20. The essence of Trencon’s grounds of review, is that IDC’s reasons for the decision to award the tender to Basil Reed, was based on a material error of law. There are also further allegations of procedural irregularity in allowing Basil Reed’s RFP to be accepted even though it was filed late as well as an attack on the grounds that the conduct of Augustine showed bias. I will therefore deal with these grounds of review in the order in which I have just stated them. Before doing so, I need to deal with a side issue which was brought to bear on the proceedings.


21. Counsel for IDC in his heads of argument as well as in Court raised, in the strongest terms, an objection against manner in which the Applicant (Trencon) presented its case. IDC submits that Trencon in its affidavit and heads of argument has presented a case “replete with serious and unsubstantiated allegations of bias, improper conduct and at times dishonesty, perpetrated by IDC “. It is further submitted that the target of this attack is Augustine.


22. I need to state upfront, however, that I did not find any evidence that IDC acted mala fide or was dishonest or improper in its conduct in this matter. The attack by innuendo on ENS as a law firm in particular is unwarranted as there is no evidence to suggest that they did anything other than represent a client. It seems to me, however that Trencon was aggrieved by the role of Augustine in the RFP and tender process; the manner in which the tender was considered by Exco and the subsequent delay in receiving reasons for the decision, which reasons came from a law firm and not from the decision-maker. These circumstances, and perhaps others, viewed cumulatively, seem to have fuelled the suspicion of foul play. However this cannot be an excuse for the unwarranted attack of a party in the course of litigation. I deal with the perception of bias as it relates to the role of Augustine, in detail later in this judgment.
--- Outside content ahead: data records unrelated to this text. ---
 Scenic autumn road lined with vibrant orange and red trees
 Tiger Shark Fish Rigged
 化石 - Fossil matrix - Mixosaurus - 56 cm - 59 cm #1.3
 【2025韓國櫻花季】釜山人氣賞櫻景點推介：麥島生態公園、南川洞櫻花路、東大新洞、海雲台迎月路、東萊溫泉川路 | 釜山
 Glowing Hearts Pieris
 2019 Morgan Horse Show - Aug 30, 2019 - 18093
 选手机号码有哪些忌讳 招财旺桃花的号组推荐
23. Having stated the above, I am however of the view that the circumstances of this case are not comparable to the allegations by innuendo, implying fraudulent conduct on the part of one of the parties in the Supreme Court of Appeal matter of AHPay Consolidated Investment Holding & Others v Chief Executive Officer of the South African Social Security Agency & Others (2013) ZASCA 29.


LEGAL PRINCIPLES

24. Trencon submits, correctly so in my opinion, that IDC is;

23.1 A Major Public Entity listed in Schedule 2 of the Public Finance Management Act 1 of 1999 (“the PFMA”); and

23.2 An Organ of State as provided in section 239 of the Constitution of the Republic of South Africa, 1996 (“the Constitution”) and PAJA.
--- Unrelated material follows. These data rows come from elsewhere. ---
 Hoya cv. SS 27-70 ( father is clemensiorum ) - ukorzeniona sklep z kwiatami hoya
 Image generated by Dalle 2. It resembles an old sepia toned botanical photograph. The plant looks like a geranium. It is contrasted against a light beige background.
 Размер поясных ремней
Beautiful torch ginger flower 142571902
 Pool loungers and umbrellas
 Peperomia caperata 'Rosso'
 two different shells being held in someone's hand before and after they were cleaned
25. It is also trite that tender processes are reviewable as administrative action under PAJA. Also of relevance is the foundation of the law relating to government procurement of goods and services stated in Section 217 of the Constitution, which provides:

(1) When an Organ of State in the national, provincial or local sphere of government, or any other institution identified in national legislation, contracts for goods or services, it must do so in accordance with a system which is fair, equitable, transparent, competitive and cost-effective. ”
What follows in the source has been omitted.